**Exercise prompt**
Reproduce the full listing below exactly. Do not include the pictures.

**Extracted entries**
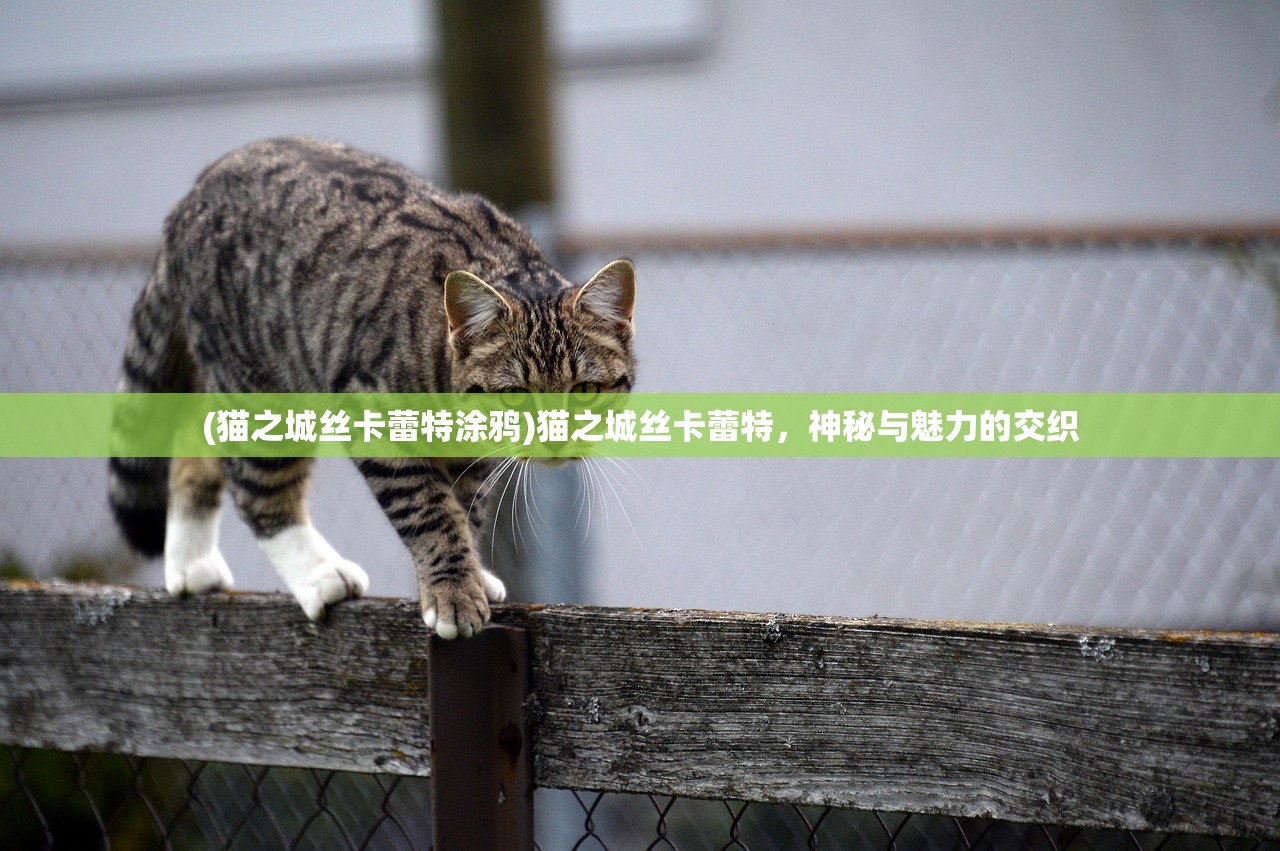 (醉三国游戏)醉计三国技能深度解析与探讨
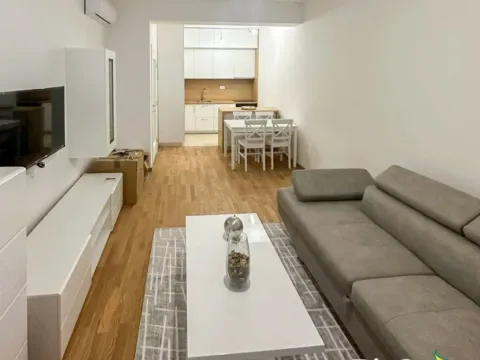 Izdavanje, jednosoban stan, 47m², Zabjelo, Podgorica - image 3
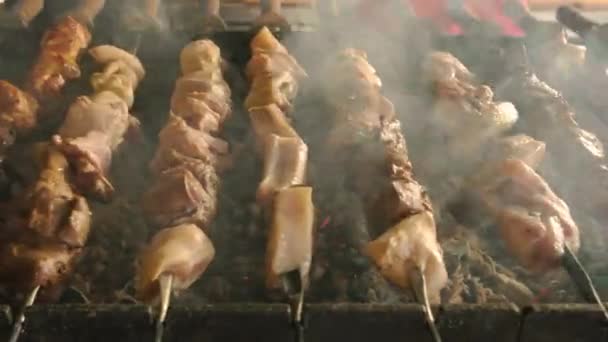 Shashlik sedang dimasak di atas tungku . — Stok Video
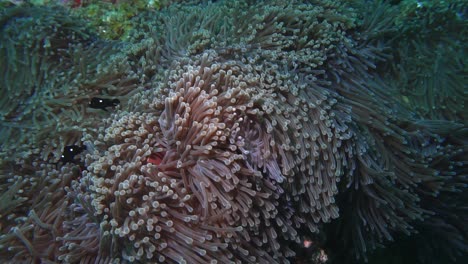 Close-Up-Shot-Of-Very-Small-Fish-Moving-Around-A-Coral-Reef-While-The-Reef-Sways-With-The-Tidal-Pressure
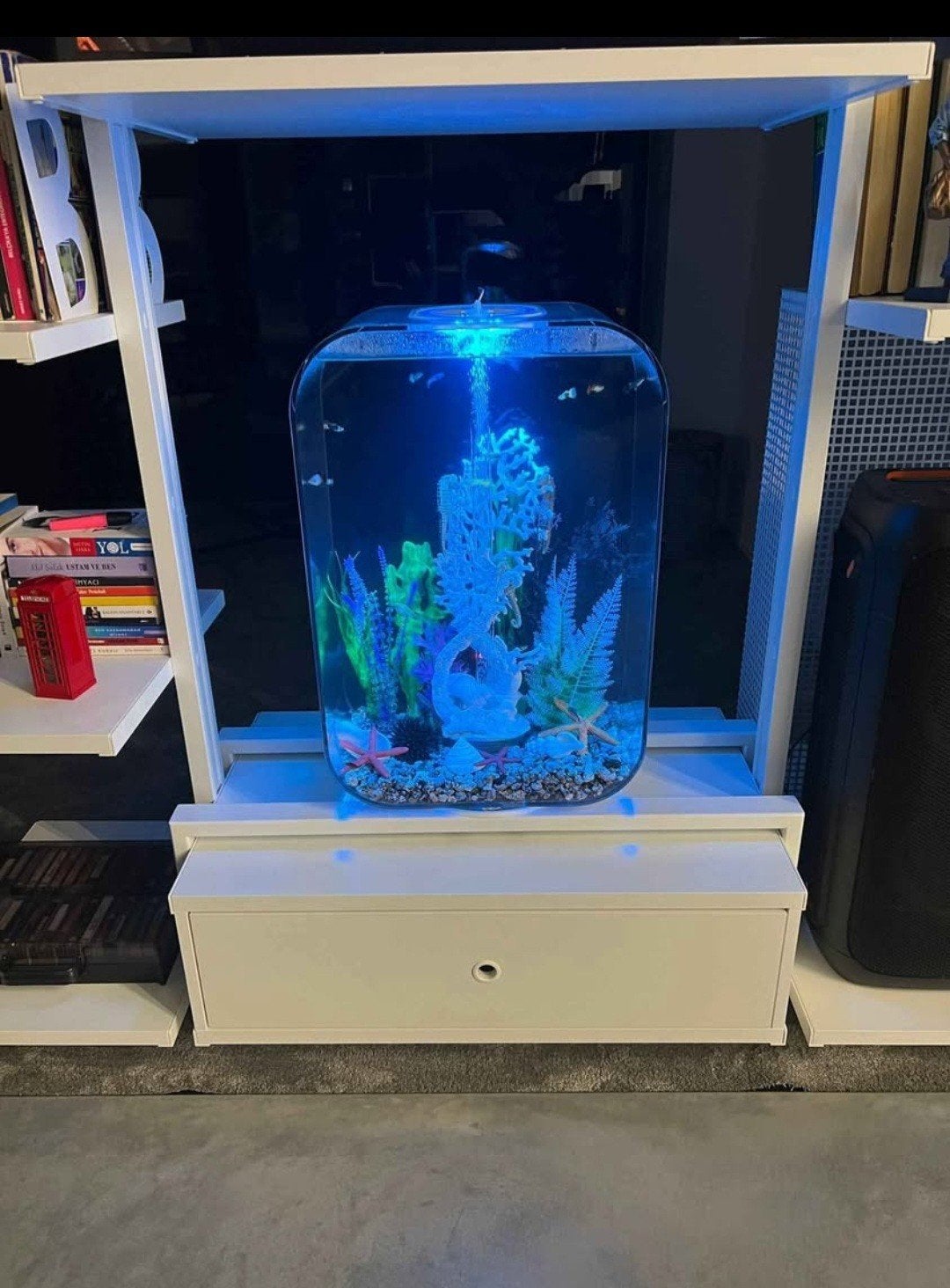 Aquarium Biorb 60 litres, Animaux & Accessoires, Enlèvement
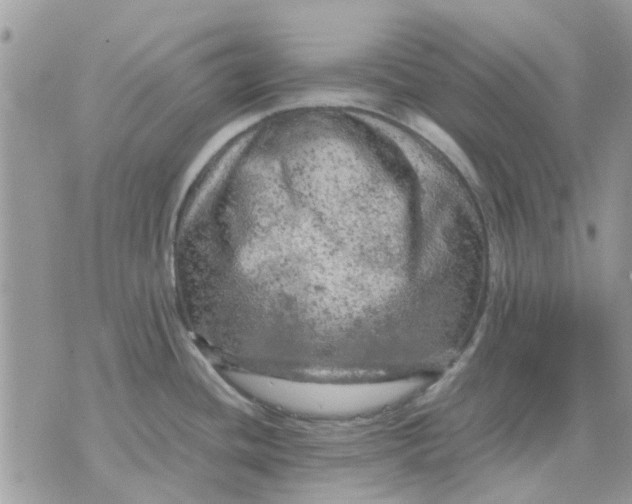 X0000075381436200609291540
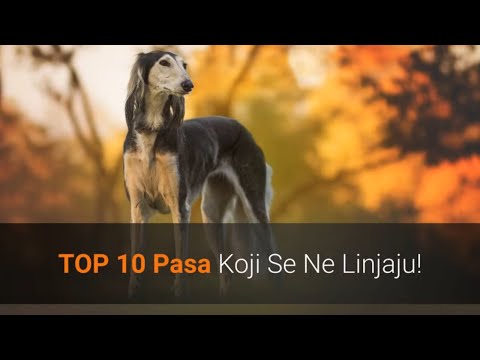 Video: 10 pasmina koje se bacaju najmanje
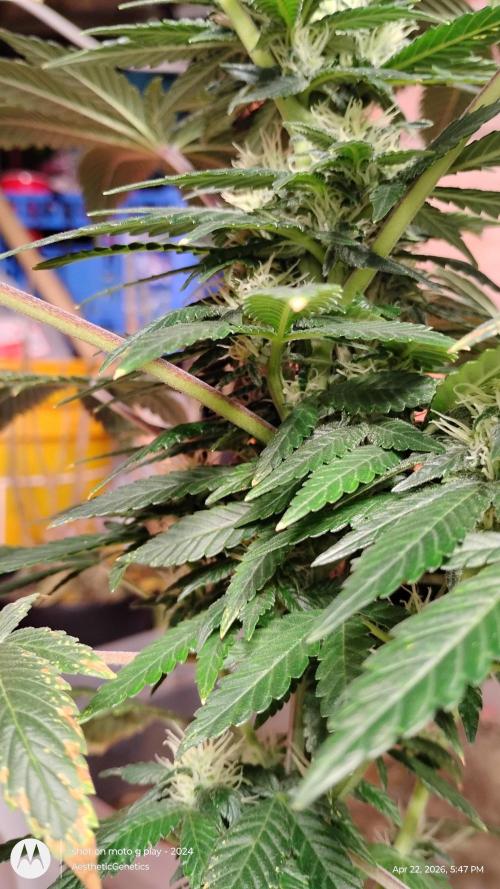 Super Sour Double Diesel Seed Hunt. Week 8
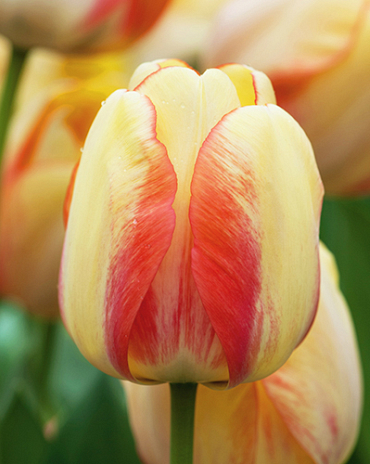 X 100 TULIPA BEAUTY OF SPRING 11/12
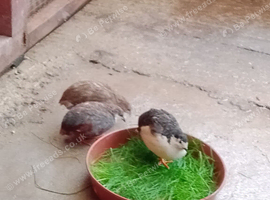 Chinese quail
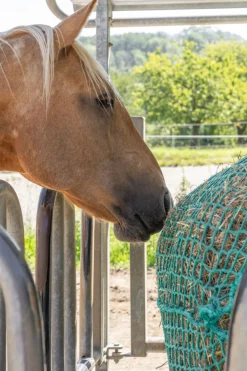 Heunetz für Rundballen, hängbar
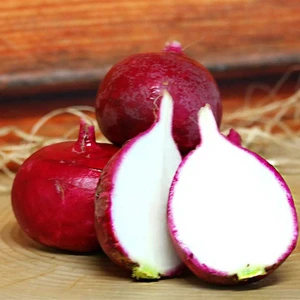 İdea Pazar Iri Kırmızı Turp Tohumu (550 Tohum)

**Result below**
 (醉三国游戏)醉计三国技能深度解析与探讨
 Izdavanje, jednosoban stan, 47m², Zabjelo, Podgorica - image 3
 Shashlik sedang dimasak di atas tungku . — Stok Video
 Close-Up-Shot-Of-Very-Small-Fish-Moving-Around-A-Coral-Reef-While-The-Reef-Sways-With-The-Tidal-Pressure
 Aquarium Biorb 60 litres, Animaux & Accessoires, Enlèvement
 X0000075381436200609291540
 Video: 10 pasmina koje se bacaju najmanje
 Super Sour Double Diesel Seed Hunt. Week 8
 X 100 TULIPA BEAUTY OF SPRING 11/12
 Chinese quail
 Heunetz für Rundballen, hängbar
 İdea Pazar Iri Kırmızı Turp Tohumu (550 Tohum)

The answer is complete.